Further, if Style I’s content is religious, does its difference from earlier art mean this religion only emerged c.475 and, if so, why?  Or, if the religious beliefs were older, why did art not manifest them before the emergence of ‘Germanic animal art’, or why did it represent them in such different ways?  These problems were encountered with the ‘Germanic’ construct, and they are equally fatal to the approach.  In answer to the questions of ‘why then’ and ‘why like that’ the religious axis takes us nowhere just as quickly as the ‘Germanic’.

The strongest argument in favour of the approach is the depiction, on metalwork contemporary with and related to Style I, of characters and episodes identifiable, with varying degrees of plausibility, as those mentioned in the Eddas.  This raises two problems.  A fourth-century depiction of Christ at, say, the marriage at Cana might be recognisable as such to a twelfth- or thirteenth-century western European Christian.  We would quite wrong, however, to assume on that basis that thirteenth-century Christian theology, practice and organisation could be applied in any detail to the church of c.400, or even of c.900, and its artwork.  In that instance, moreover, a series of more or less canonical written texts existed, to anchor beliefs to some extent.  It is noteworthy, furthermore, that the earliest runic texts actually to mention the Nordic gods come from slightly later than the period of Style I and frequently from further south, in ‘Alamannic’ regions.
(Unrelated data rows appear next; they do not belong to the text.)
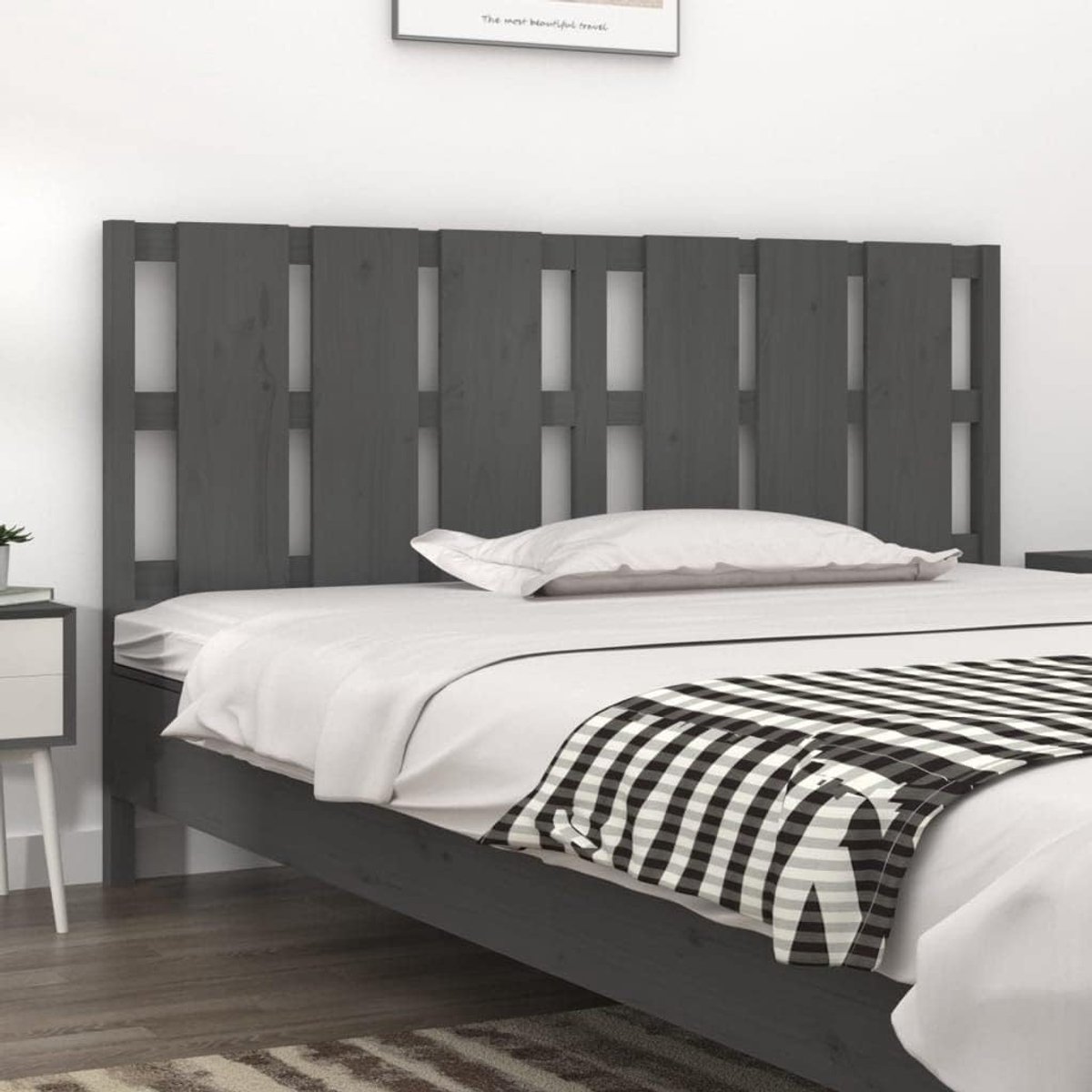 Grijs, 165,5 x 4 x 100 cm, massief grenen, hoofdeinde voor slaapkamer, hotel, hoofdeinde, werkkamer, voor slaapkamer, tweede slaapkamer, hotel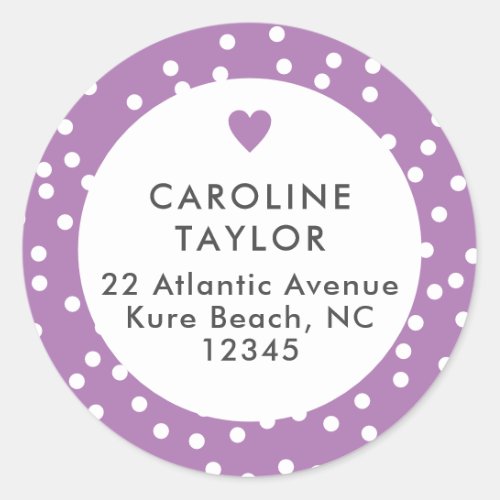 Lavender Heart  Dots Cute Purple Girly Address Classic Round Sticker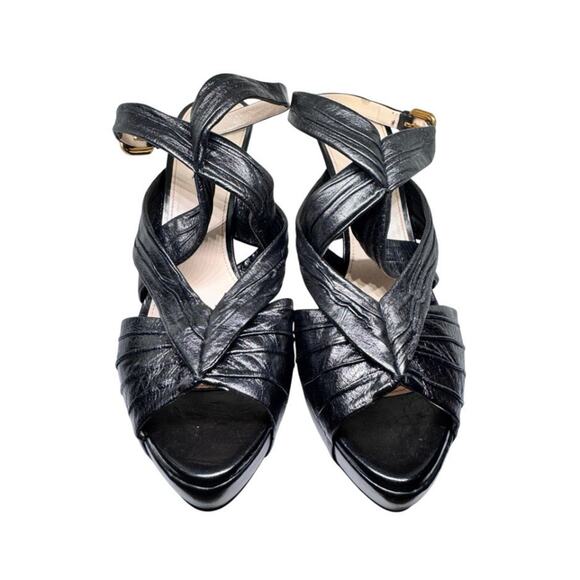 PRADA ANTIC SOFT NERO BLACK PLATFORM CRISS CROSS DRESSY SHOES SZ 41 10.5 - Picture 2 of 9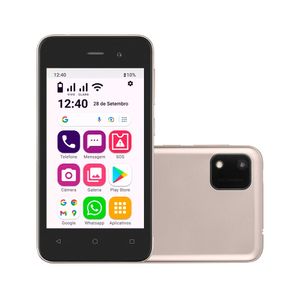 Smartphone Conecta Lite 32GB 3G Wi-Fi Tela 4 pol. Dual Chip 1GB RAM Android 10 (Go edition) Processador Quad Core Gold - OB056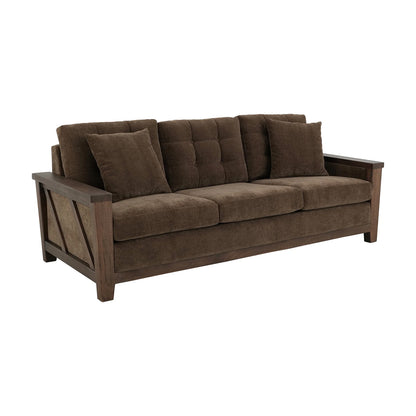 Walnut - Upholstered Sofa - Deep Forest Brown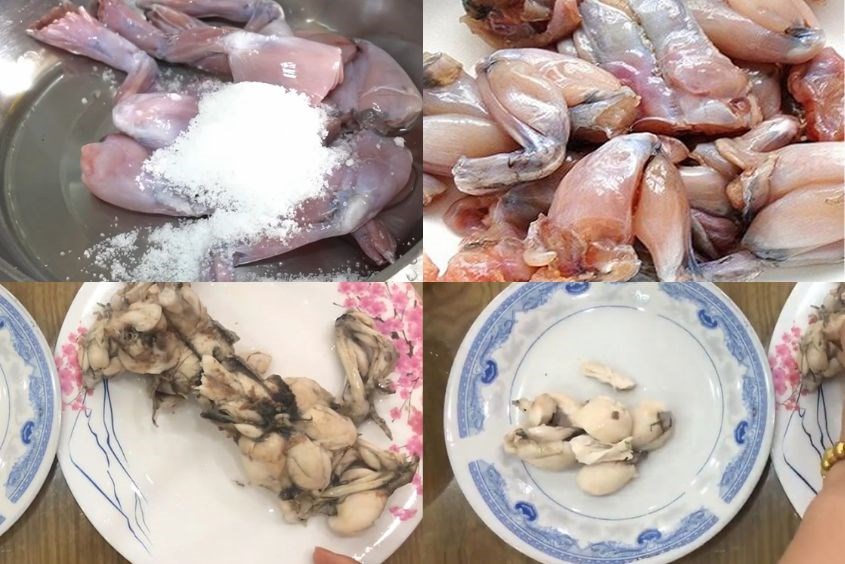 Cách nấu cháo ếch rau ngót cho bé - bước 2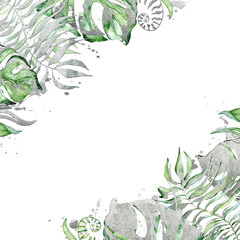Tropical watercolor leaves banner on white background. Exotic floral designs. Hand drawn illustration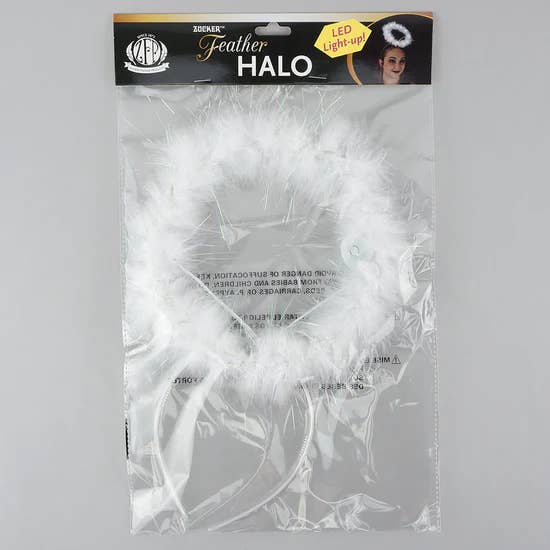 Zucker Feather Products - Wholesale Costume - Women's - Marabou Feather Halo W/LED Lights White W/Opal Lurex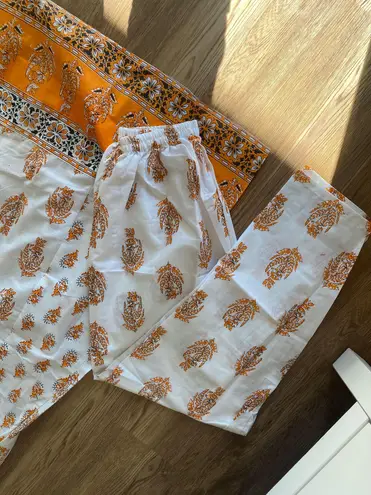 Indian Designer Kurta Palazzo Dupatta Set Women Salwar Kameez Ready To Wear Suit Gold Size XL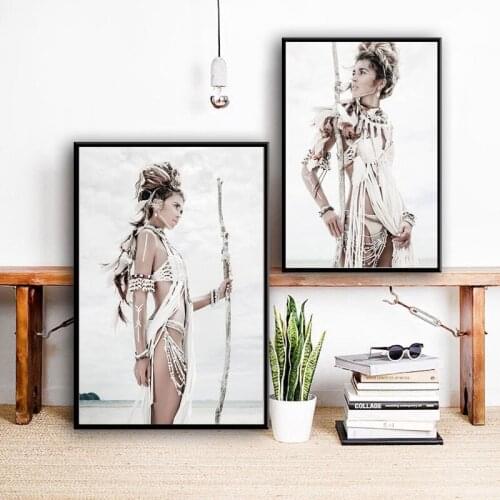 Boho Style Woman Posters And Prints Nordic Simplicity Beauty Canvas Painting Printed Wall Art Picture Room Home Decoration Mural
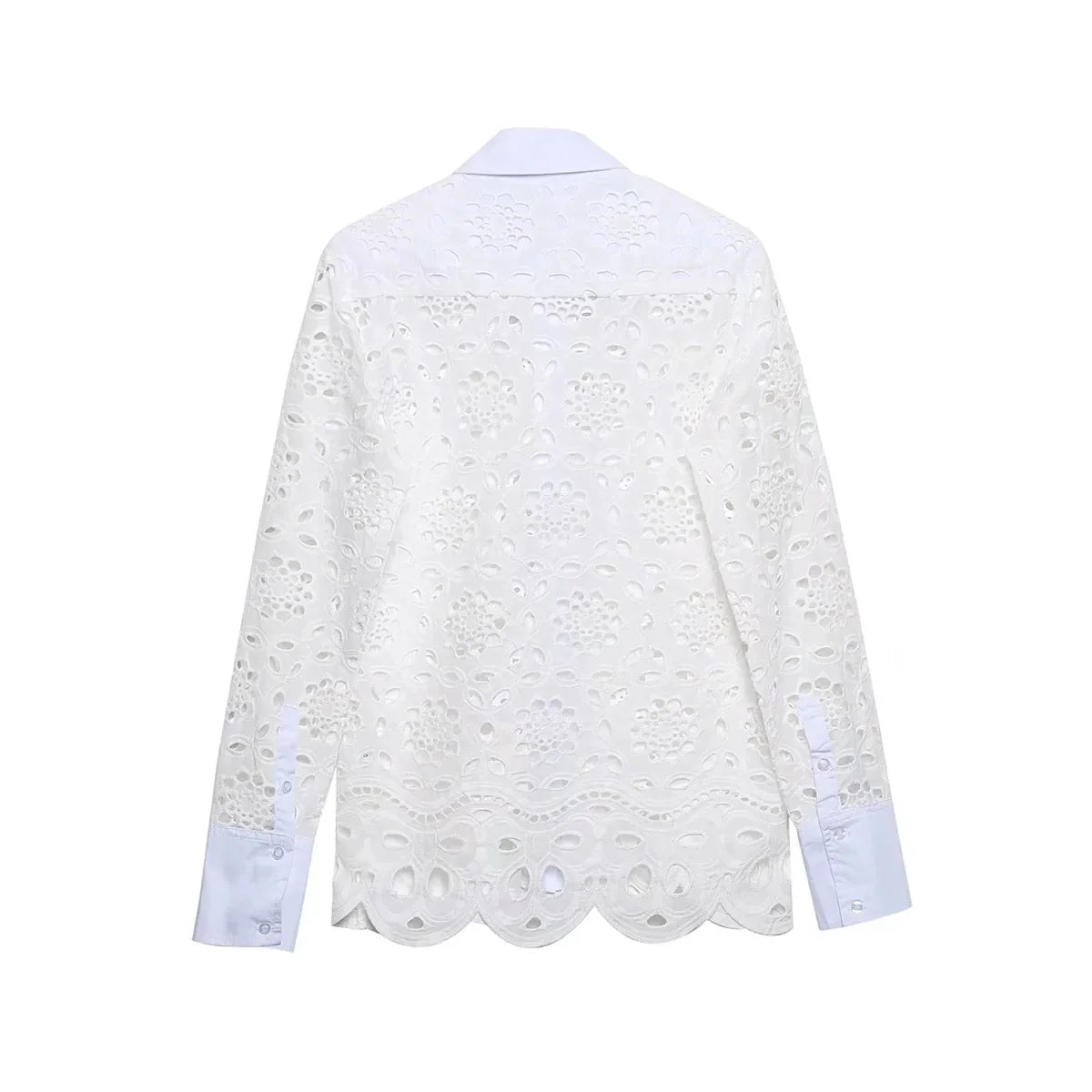 Spring Women Summer White Lace Dress Set Hollow Out Embroidery Shirt Skirt 2 Pcs Robe Outfits Single Breasting Cotton Maxi Dress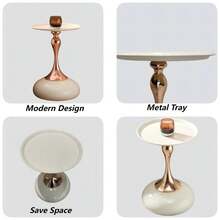 Modern Martini Table,Small Round Side Table For Living Room,15''End Table With Metal Base,White Circle Bedroom Table And Nightstand,Balcony Table For Tea,Corner Accent Table For Living Room/Bedside/Couch/Sofa - trắng - Xem 7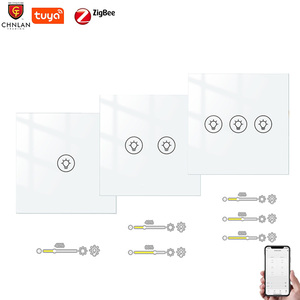 Interruptor táctil con atenuador de luz de pared inteligente con aplicación TUYA estándar de la UE y Reino Unido Zigbee3.0 Alexa, <span class=keywords><strong>Google</strong></span> <span class=keywords><strong>Home</strong></span>, Control de voz, productos para el hogar inteligente - Product Image 1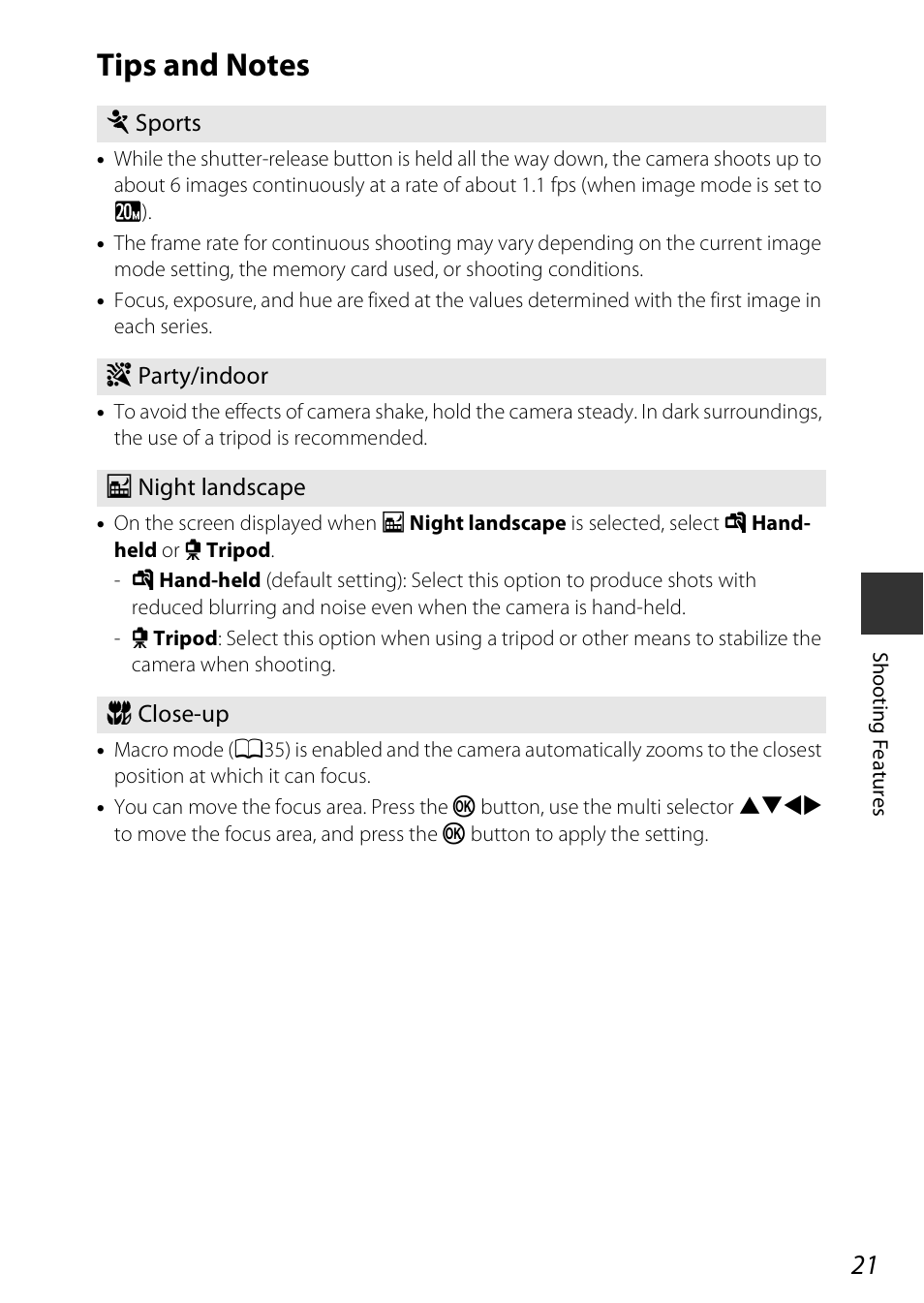 Tips and notes, A21) | Nikon Coolpix A100 User Manual | Page 37 / 144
These analytical axes are sustained by a raft of similarly evidence-free, mystifying ideas about the artefacts’ (or their makers’) ‘magical’ qualities and by ideas of ethnicity, migration and of a rigid Christian-pagan divide which are inadequate to the task. No prima facie evidence exists for the notion that the animals and other design elements of Style I or its precursors (and immediate successors) were religious or apotropaic and, although it remains a possibility, the endless reiteration of the interpretation does not make it a fact or even a solid basis for discussion.  There are indeed fairly good grounds – Style I’s very wide geographical distribution and the cultural and indeed religious diversity within that spread – for seeing it as quite implausible.  The ‘Nordic/Germanic pagan’ interpretation is essentially a self-reinforcing matrix of a priori assumptions.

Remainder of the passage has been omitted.